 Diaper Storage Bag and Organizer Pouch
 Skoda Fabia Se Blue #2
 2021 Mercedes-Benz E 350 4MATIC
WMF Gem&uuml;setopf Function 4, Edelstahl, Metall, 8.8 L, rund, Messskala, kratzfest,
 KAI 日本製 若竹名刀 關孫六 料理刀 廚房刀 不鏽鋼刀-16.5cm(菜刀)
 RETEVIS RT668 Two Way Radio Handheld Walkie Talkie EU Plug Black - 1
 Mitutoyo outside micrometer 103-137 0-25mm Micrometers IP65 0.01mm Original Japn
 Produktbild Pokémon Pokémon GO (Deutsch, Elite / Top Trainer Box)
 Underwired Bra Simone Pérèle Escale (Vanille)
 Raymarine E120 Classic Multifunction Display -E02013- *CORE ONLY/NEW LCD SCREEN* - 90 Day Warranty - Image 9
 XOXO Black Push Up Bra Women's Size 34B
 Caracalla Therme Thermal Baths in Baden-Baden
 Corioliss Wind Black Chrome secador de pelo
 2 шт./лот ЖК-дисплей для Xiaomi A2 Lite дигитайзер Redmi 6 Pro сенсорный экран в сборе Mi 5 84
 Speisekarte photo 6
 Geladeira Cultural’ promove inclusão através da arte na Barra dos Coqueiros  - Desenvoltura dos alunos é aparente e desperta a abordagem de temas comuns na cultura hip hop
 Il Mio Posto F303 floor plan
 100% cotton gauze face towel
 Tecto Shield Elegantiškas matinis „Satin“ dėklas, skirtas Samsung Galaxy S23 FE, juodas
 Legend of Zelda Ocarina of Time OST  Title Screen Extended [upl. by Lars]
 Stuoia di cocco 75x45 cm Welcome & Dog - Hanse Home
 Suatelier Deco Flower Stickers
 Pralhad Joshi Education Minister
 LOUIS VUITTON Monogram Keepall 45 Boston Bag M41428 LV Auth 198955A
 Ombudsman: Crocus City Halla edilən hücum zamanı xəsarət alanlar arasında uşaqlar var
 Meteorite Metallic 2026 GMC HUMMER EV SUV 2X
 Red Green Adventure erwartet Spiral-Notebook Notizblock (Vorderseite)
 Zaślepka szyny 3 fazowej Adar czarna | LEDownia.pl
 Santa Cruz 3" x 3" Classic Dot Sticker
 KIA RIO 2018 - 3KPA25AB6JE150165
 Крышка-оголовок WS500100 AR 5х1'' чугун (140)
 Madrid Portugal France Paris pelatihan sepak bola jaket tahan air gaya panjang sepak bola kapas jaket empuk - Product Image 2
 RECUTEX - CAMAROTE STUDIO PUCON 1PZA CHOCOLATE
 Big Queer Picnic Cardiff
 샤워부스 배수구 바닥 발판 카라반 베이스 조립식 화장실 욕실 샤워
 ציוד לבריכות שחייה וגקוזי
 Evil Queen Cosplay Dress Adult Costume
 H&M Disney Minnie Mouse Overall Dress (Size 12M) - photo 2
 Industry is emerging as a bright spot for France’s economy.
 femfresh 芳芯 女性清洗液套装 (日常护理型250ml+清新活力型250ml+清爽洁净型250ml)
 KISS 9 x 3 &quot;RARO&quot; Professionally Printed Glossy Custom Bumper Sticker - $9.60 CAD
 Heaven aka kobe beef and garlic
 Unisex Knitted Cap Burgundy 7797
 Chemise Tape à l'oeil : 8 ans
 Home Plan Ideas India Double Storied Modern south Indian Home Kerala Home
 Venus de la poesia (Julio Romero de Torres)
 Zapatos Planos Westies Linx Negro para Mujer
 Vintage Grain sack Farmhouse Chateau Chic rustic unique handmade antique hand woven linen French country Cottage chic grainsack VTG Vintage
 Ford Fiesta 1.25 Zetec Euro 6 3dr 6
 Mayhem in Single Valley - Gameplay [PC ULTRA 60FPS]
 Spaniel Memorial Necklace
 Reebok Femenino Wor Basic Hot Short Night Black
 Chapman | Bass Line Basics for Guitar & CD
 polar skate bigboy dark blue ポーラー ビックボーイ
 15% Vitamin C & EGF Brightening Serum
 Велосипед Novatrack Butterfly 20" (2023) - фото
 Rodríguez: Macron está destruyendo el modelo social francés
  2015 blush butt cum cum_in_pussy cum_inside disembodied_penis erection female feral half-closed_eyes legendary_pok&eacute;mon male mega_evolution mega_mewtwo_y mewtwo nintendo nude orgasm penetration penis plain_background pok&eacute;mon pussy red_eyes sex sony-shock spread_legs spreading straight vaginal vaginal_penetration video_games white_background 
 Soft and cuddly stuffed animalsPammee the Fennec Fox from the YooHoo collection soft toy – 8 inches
---+---
Set down, from the entries above, exactly the lines from the one with "Vintage Grain sack" up to and including the one with "Rodríguez: Macron está", and no other lines.

 Vintage Grain sack Farmhouse Chateau Chic rustic unique handmade antique hand woven linen French country Cottage chic grainsack VTG Vintage
 Ford Fiesta 1.25 Zetec Euro 6 3dr 6
 Mayhem in Single Valley - Gameplay [PC ULTRA 60FPS]
 Spaniel Memorial Necklace
 Reebok Femenino Wor Basic Hot Short Night Black
 Chapman | Bass Line Basics for Guitar & CD
 polar skate bigboy dark blue ポーラー ビックボーイ
 15% Vitamin C & EGF Brightening Serum
 Велосипед Novatrack Butterfly 20" (2023) - фото
 Rodríguez: Macron está destruyendo el modelo social francés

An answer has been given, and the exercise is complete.